Он силился, вспомнить, где впервые оступился, где сделал неверный выбор, пойдя на поводу у своих эмоций и желаний. Сейчас, когда его готовы были выслушать, он не знал с чего лучше начать и задавался вопросом. Что сделало его чудовищем, погубившим чужие жизни? И не мог найти ответа.

Его гость, тем временем, продолжал безмолвно стоять напротив, терпеливо ожидая.

– Так и будете стоять, как истукан или возьмёте стул и сядете? – рукой указал куда-то за спину гостя. – Разговор предстоит долгий.

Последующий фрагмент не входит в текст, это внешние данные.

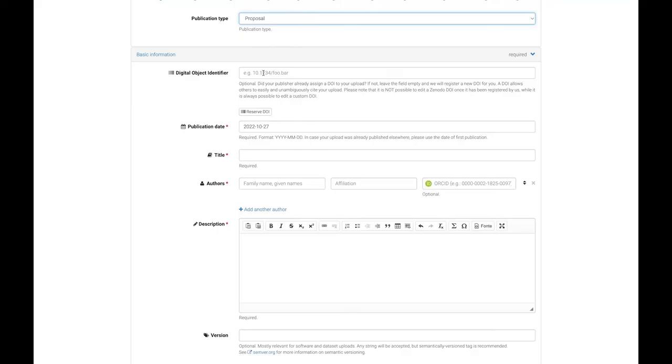If your files already have a DOI assigned by another publisher, it is important not to duplicate DOIs, so enter your external DOI here.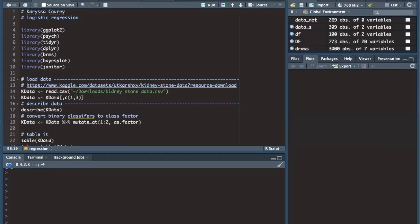Hello, my name is Carissa and today I'm presenting Frequentist and Bayesian Logistic Regression in R.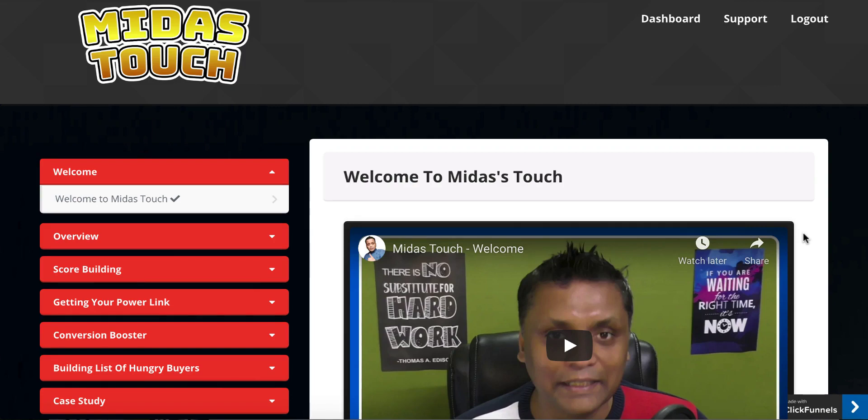Kesharn here from EasySimpleSystem.com. Welcome to my review of Midas Touch. As you can see, I'm right here inside the dashboard of this product where I'm going to demo this for you and show you what it does.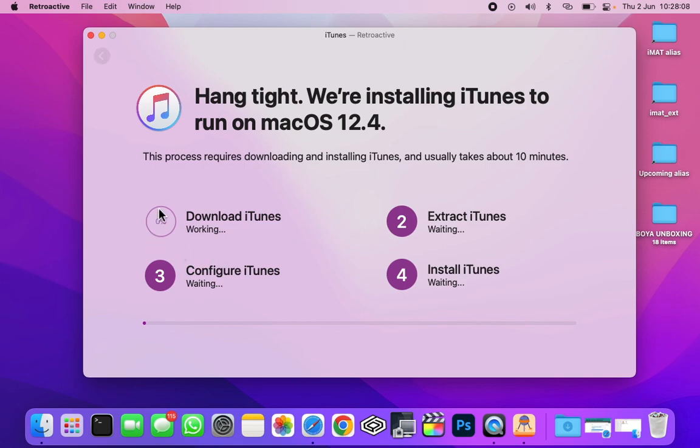Now just give it its time to download iTunes. After that, it will take a few seconds to configure and install iTunes.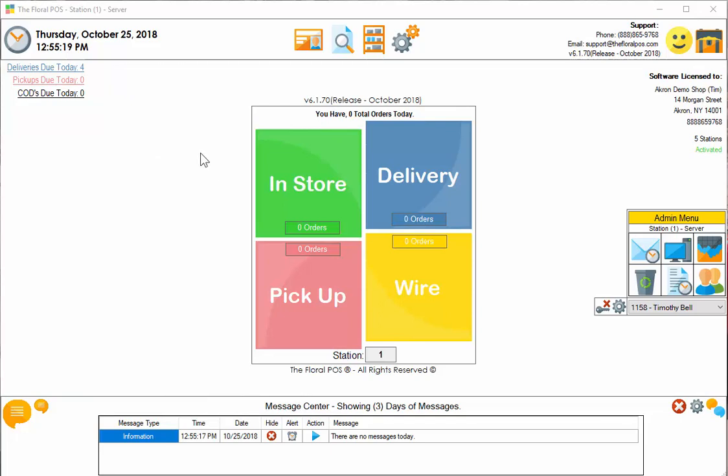Welcome to the Floral POS. In this video we're going to show you how to use our new delivery optimization tool. Let's get started.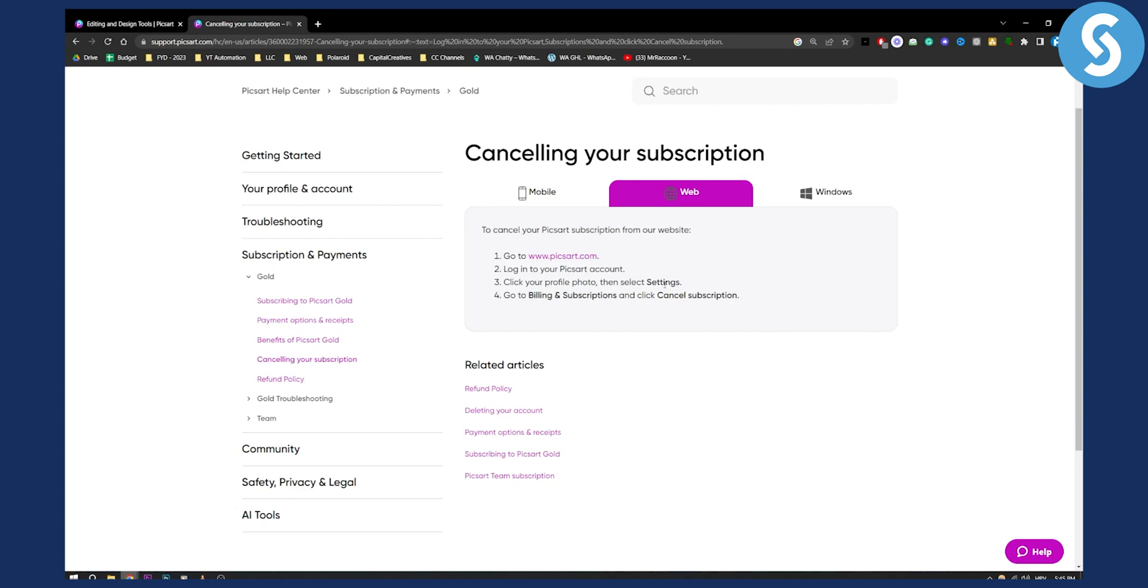So this is basically how you can cancel your PixArt subscription. If you want more videos like this on how to cancel subscriptions for other apps, check out our videos because we're uploading five different videos a day about just that. Thank you guys for watching, and we'll see you in the next video.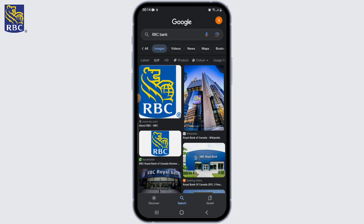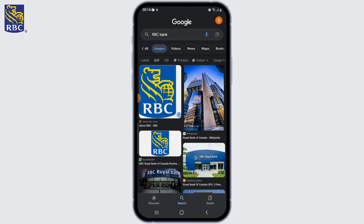The first step is researching account types. Start by researching the different types of bank accounts offered by RBC Royal Bank. They have various options such as personal checking accounts, savings accounts, student accounts, and more. Consider your financial needs and find the account that suits you best.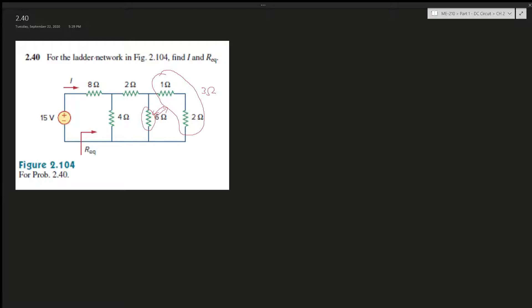So one over three plus one over six. Let's see, let's try this again. One over three plus one over six would be two plus three, so it would be two, right? It would be two ohms.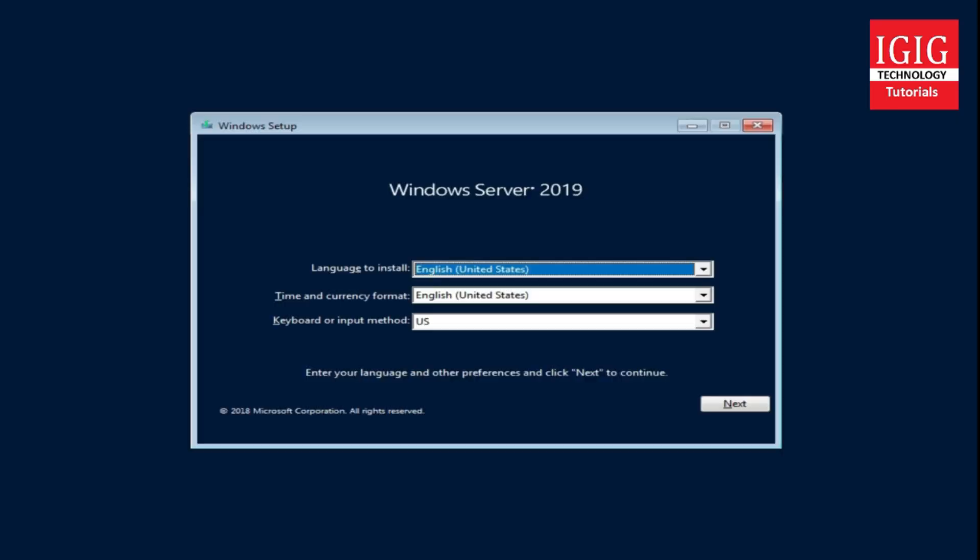Some files are getting copied. Now it's asking us to input some information like which language you want, what time and currency format you want, and which type of keyboard input you want. We will keep the default settings here and continue setup by pressing the next button.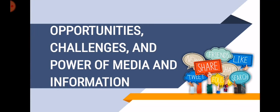Hi everybody, this is Media and Information Literacy and I'm your teacher, Ma'am Merrilee. And our topic for today is all about the opportunities, challenges, and power of media and information.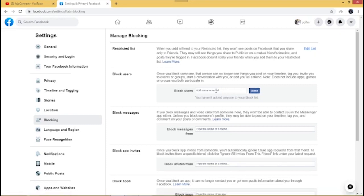You can also block users entirely — if someone is pestering you, just enter their Facebook name or email address and block them. For 'Block Messages,' if you want to stop someone from messaging you on Facebook Messenger, type their name or email address to block them from sending messages. That covers how to effectively manage your privacy settings on Facebook — remember, be safe out there.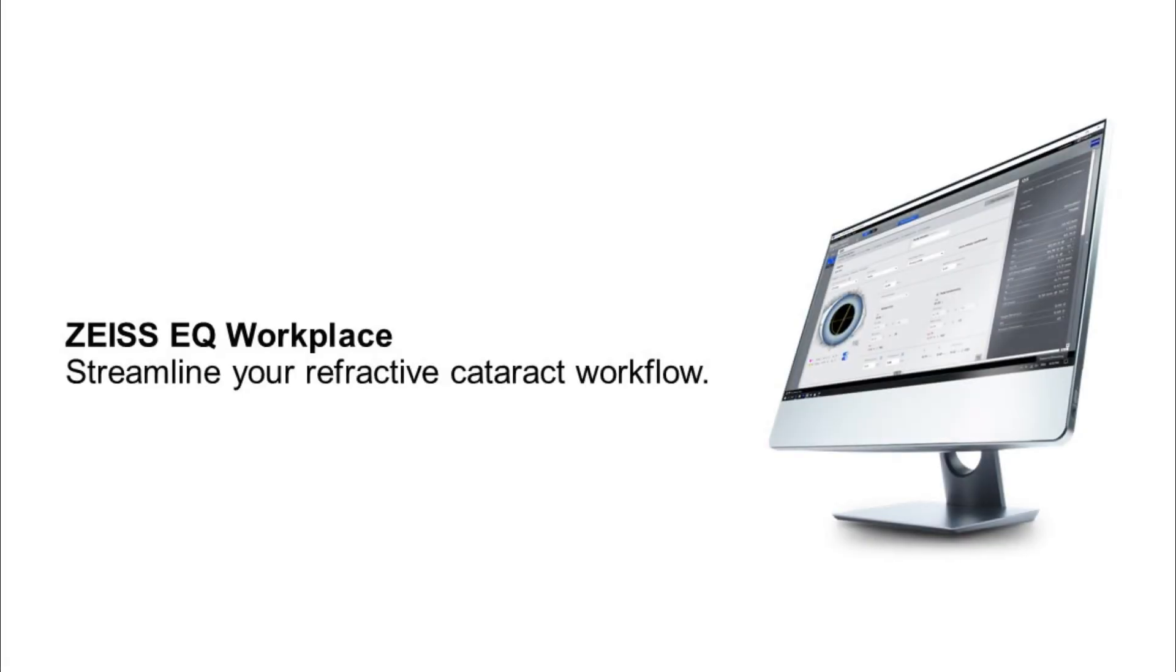Thanks for watching. Please check out the other videos on this website platform to learn more about Zeiss EQ Workplace.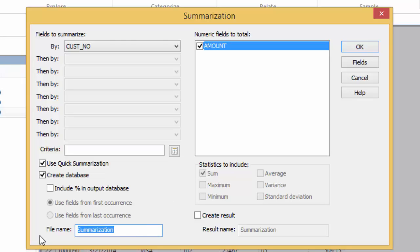Finally, provide a name for the new database you're creating. Call it Summarize Transactions, and click OK.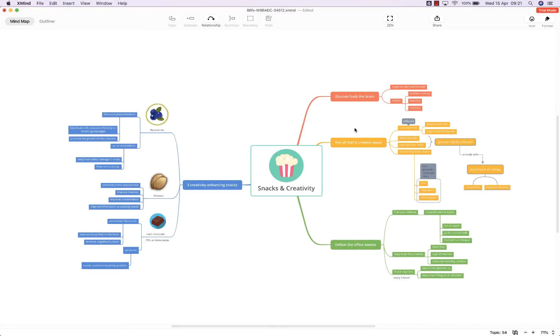Hello and welcome to this brief tutorial from biggerplate.com showing you how to add, edit, and remove relationships in XMind 2020.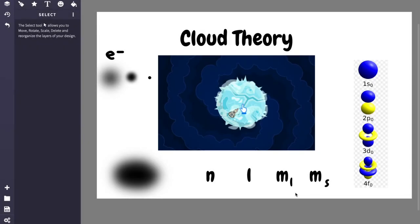Hey. Today I'm going to be talking about the foundation of chemistry. This is really why chemistry works the way it does. And it all comes down to cloud theory.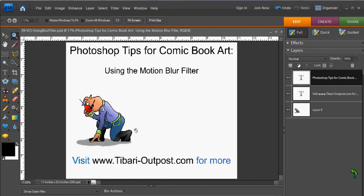Well, thank you for watching this comic book Photoshop tutorial. For information on my e-book How to Create and Publish Your Own Comic Book, for information on Spectre Comics, or more Photoshop comic book video tips, visit tabarioutpost.com.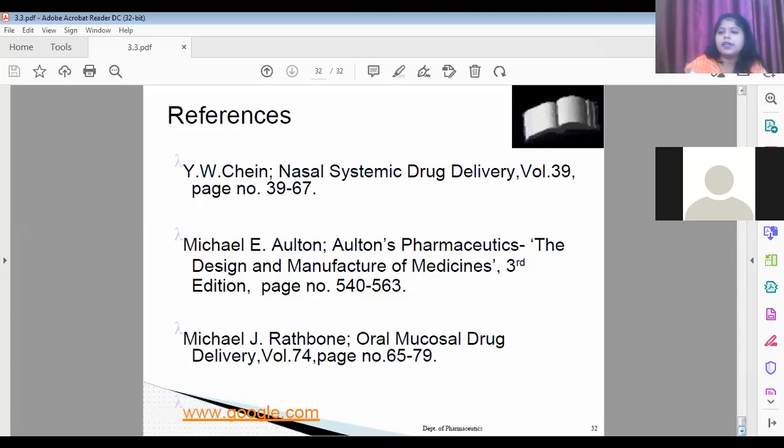We have completed the nasal pulmonary drug delivery system. A short video on the nasopulmonary system will now be shared.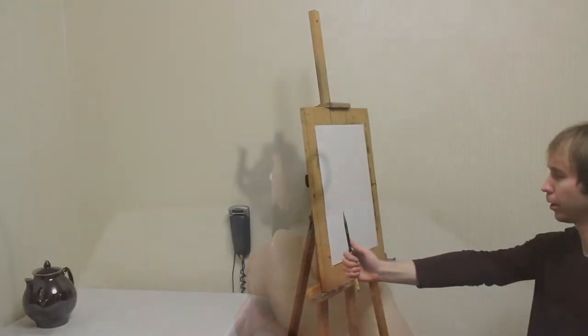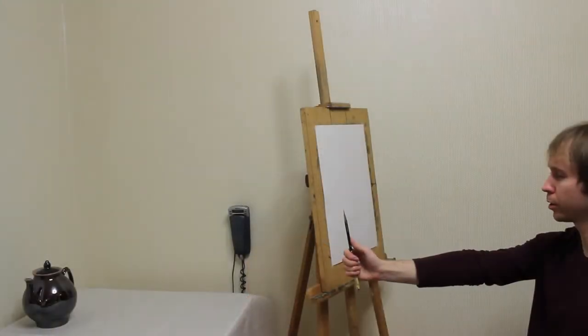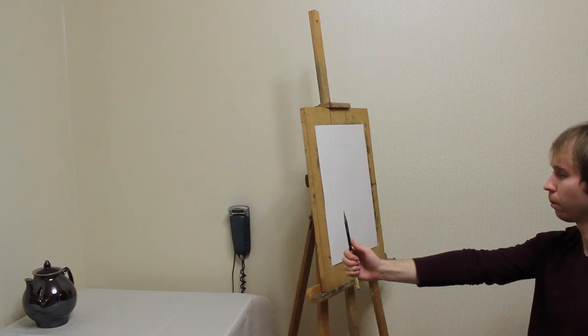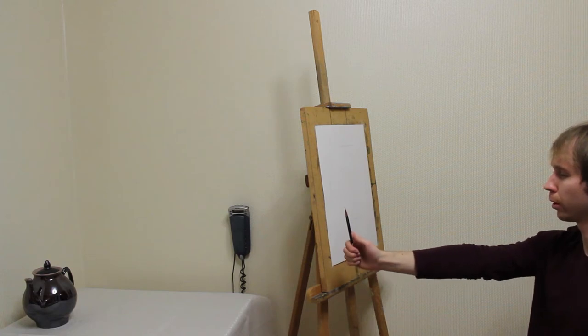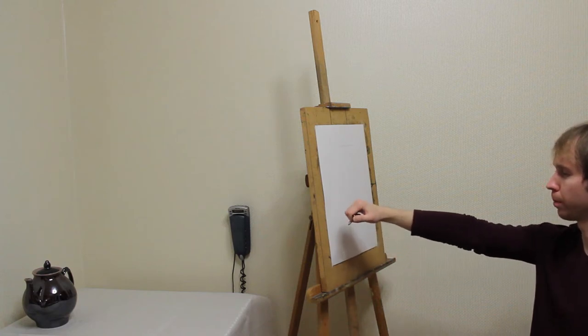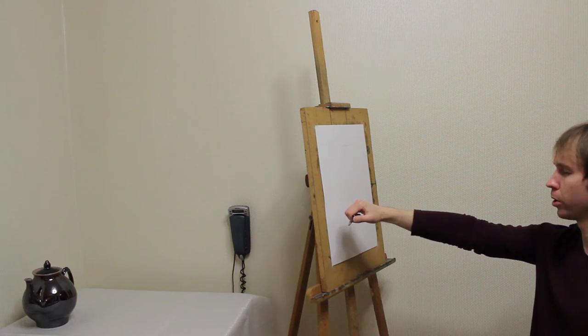Not moving from my position, with an outstretched hand, I rotate the pencil so that the pencil is horizontal.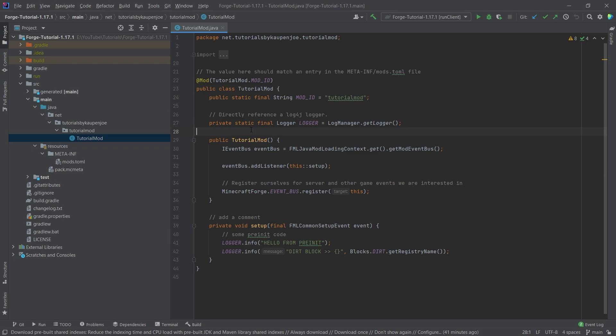Now, I personally cannot stand having bad parameter names. It's incredibly frustrating to program with that because then instead of having the FML common setup event be called event, it will be called something like P underscore I underscore 28735 underscore BA, some insane thing. And that's going to be for all parameters. It's just untenable.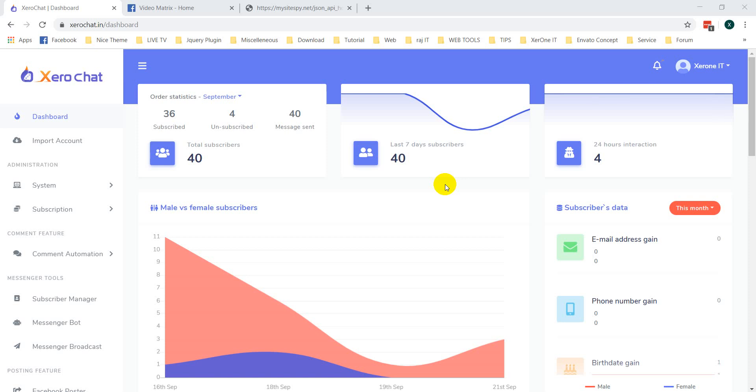Hello guys, this is Konok. In last video, I have shown you how to create a form for Facebook Messenger webview.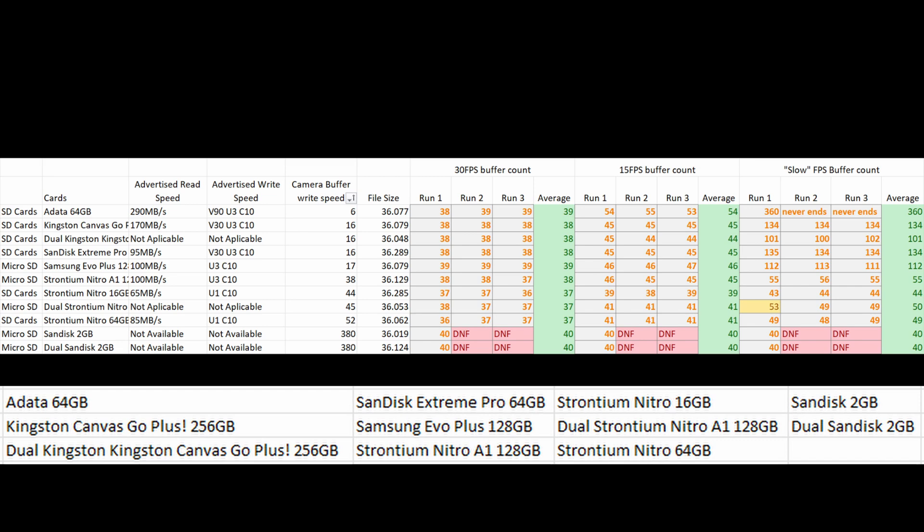There are a few more results in the table — please do pause and have a look. I tested everything three times except for those two gigabyte chips at the bottom. The DNF means 'did not finish' — I was not patient enough to wait for that long again; they were very slow cards.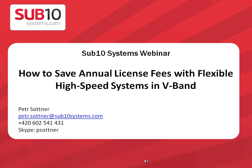Good morning to everybody. I would like to welcome you on our webinar, which is named 'How to Save Annual License Fee with High-Speed System in V-Band.' My name is Peter Sotner. I am working in company Sub10 Systems in the position of sales engineer — you can also say technical support. My contact details are on the first screen. I would like to immediately start with the presentation.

Наблюдая, как выполняются его указания, он пристально вглядывался в темноту за спиной мужчины. Всё к этому и шло. У него нет выбора, как нет выбора и у того, кого привели сюда по его приказу.

– Пожалуй, для начала я должен представиться, – начал он свой длинный рассказ. – Скажем так, все события, которые происходили в моей жизни – это нежелание смириться с тем, кто я есть на самом деле. Моё имя Виктор Вальтман! И я семьдесят лет, как мёртв!

Он не следил за молодым мужчиной, перед ним. Он хотел увидеть другое лицо. Но то лицо скрывала тьма. И смирившись, стал наблюдать, за сидящим напротив гостем: лёгкий прищур, недоверие во взгляде, морщинка расколовшая лоб надвое. Но это длилось не дольше пары секунд, а следом осознание и… шок!

Немощное тело больного расслабилось в своей мягкой, белоснежной клетке. Он был доволен тем, какие эмоции вызвал.